In 2019, meanwhile, Santa Monica police arrested multiple suspects in a drug investigation, finding vehicles, a large cache of weapons, 21 handguns, 8 long guns/rifles, over 4,000 rounds of ammunition, cocaine, methamphetamine, and heroin—not to mention over $200,000 in currency. Not exactly what you’d expect to find when you go on a beach vacation.

So while I saw plenty of tourists, John told me that, anecdotally, they’re booking five-day stays—but leaving after two.

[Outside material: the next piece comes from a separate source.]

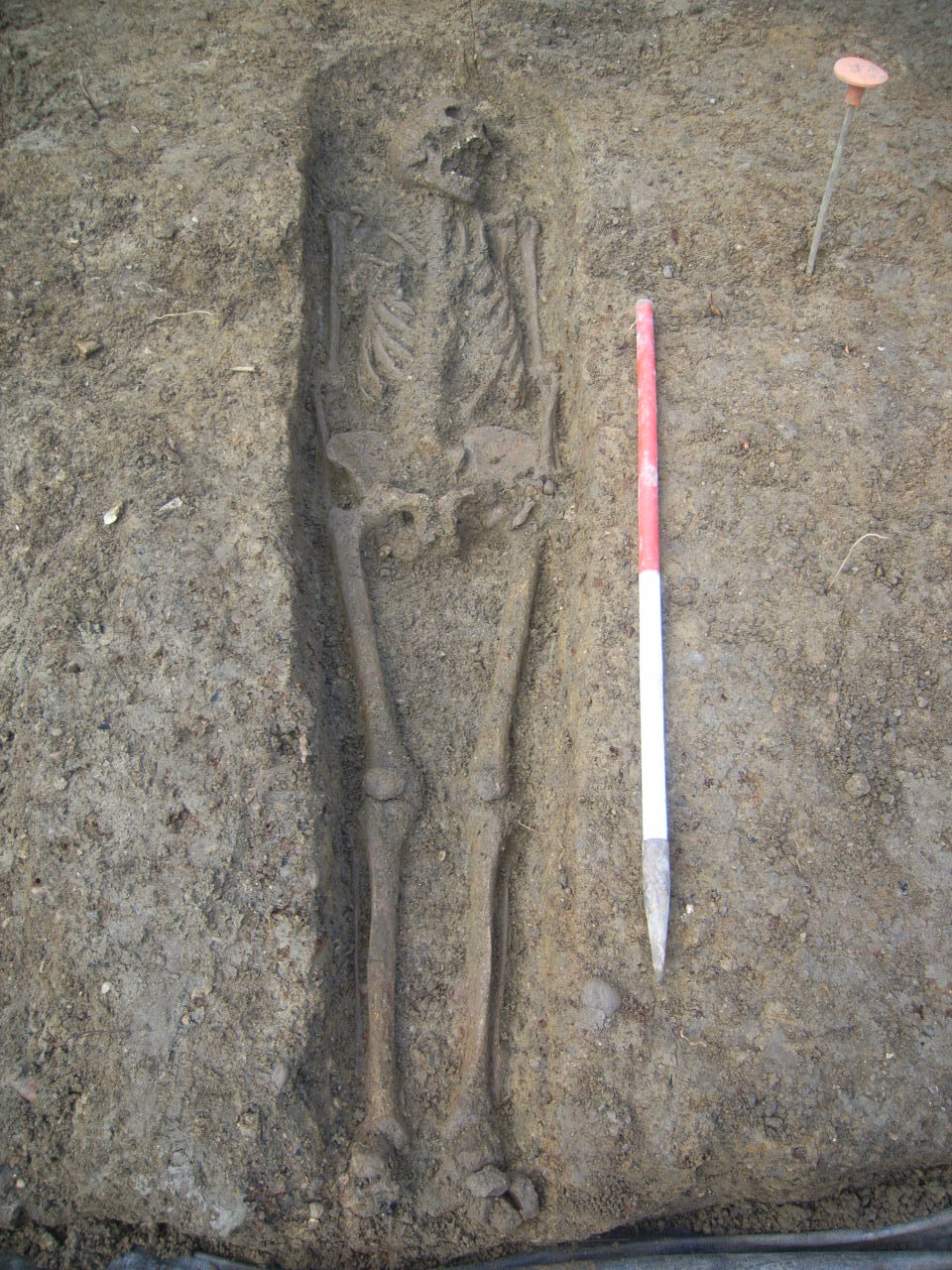 Το βρέφος με σύνδρομο Down που έζησε στην εποχή του Σιδήρου-5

The Promenade and the parks are hardly alone in their crime issues—the exterior of the library is also home to dangerous criminals, and not surprisingly, a murder occurred in July. Alle had written officials three weeks before warning of the dangerous situation brewing there, noting that private security guards won’t approach the homeless because they are scared for their safety. The result: “The vagrants and drug users have unrestricted use of the library exterior and adjacent surface parking lot, because these are both areas Allied [Security] will not venture into.”

The Santa Monica Library. (Credit: John Alle, used with permission)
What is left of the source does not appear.